If you pass no other flags, Stage 2 still runs all four property predictors plus EnzyMM, the MUSCLE alignment, and the NJ tree - it just doesn't filter or pick representatives.

Filter options

All filters are optional. Supplying any of them does two things:

  1. Filters predictions_output/all_predictions.tsv (or the multi-chain pair) into a *_filtered.tsv.
  2. Defines the scoring rubric used for clade-representative selection (best when combined with -clades).

-solubility <min> (cutoff only)

Keep enzymes whose NetSolP-predicted solubility is ≥ <min>.

-usability <min> (cutoff only)

Keep enzymes whose NetSolP-predicted usability is ≥ <min>.

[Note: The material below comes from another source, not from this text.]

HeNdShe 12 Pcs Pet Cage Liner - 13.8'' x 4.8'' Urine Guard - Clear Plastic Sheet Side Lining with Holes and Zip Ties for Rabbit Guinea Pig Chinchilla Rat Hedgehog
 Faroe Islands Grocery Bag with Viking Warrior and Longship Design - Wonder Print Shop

-tm <value> (cutoff or interval)

The only flag that accepts both forms:

  • -tm 40 - cutoff: keep enzymes with Tm ≥ 55 °C. Higher = better in the score.
  • -tm 50:80 - interval: keep enzymes with 50 °C ≤ Tm ≤ 80 °C. Closer to the midpoint (65 °C) = better in the score. Use the cutoff when "more thermostable is always better". Use the interval when you have an upper bound.

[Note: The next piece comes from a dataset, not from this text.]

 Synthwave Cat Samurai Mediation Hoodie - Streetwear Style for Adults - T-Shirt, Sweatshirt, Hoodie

-topt <lo:hi> (interval only)

Predicted optimal operating temperature in °C. Must be an interval.

-phopt <lo:hi> (interval only)

Predicted optimal pH. Must be an interval.

Clade options

-clades <n>

Partition the NJ tree into n clades by binary-searching the smallest tip-distance threshold that yields ≤ n clades, and:

  • write data/clades/clade_assignments.tsv (one row per tip)
  • render data/trees/nj_tree_clades.png with tips coloured by clade
  • if filter options are also present, write predictions_output/clade_representatives.tsv containing the best-scoring filter-passing enzyme per clade, and overlay ★ markers on the tree at each representative The pipeline emits a warning if n clades can't be produced exactly - usually because the tree topology forces a slightly different cut.

How scoring works

Whenever filter flags are given, every filter-passing enzyme receives a score in [0, 1] per specified property:

  • Cutoff properties (solubility, usability, tm in cutoff mode): score is the property's value normalised across the passing pool - (value - pool_min) / (pool_max - pool_min). So 1.0 goes to the best enzyme in the pool.
  • Interval properties (phopt, topt, tm in interval mode): score is 1 - |value - midpoint| / half_width, so being at the centre of the requested range = 1.0, being at the edge = 0.0. The combined score is the arithmetic mean of the per-property scores across the user-specified properties, ignoring any property the predictor returned as NA for that enzyme. Multi-sequence PDBs (heteromeric assemblies) are excluded from representative selection because their per-chain scores can't be meaningfully averaged into a single structure-level value.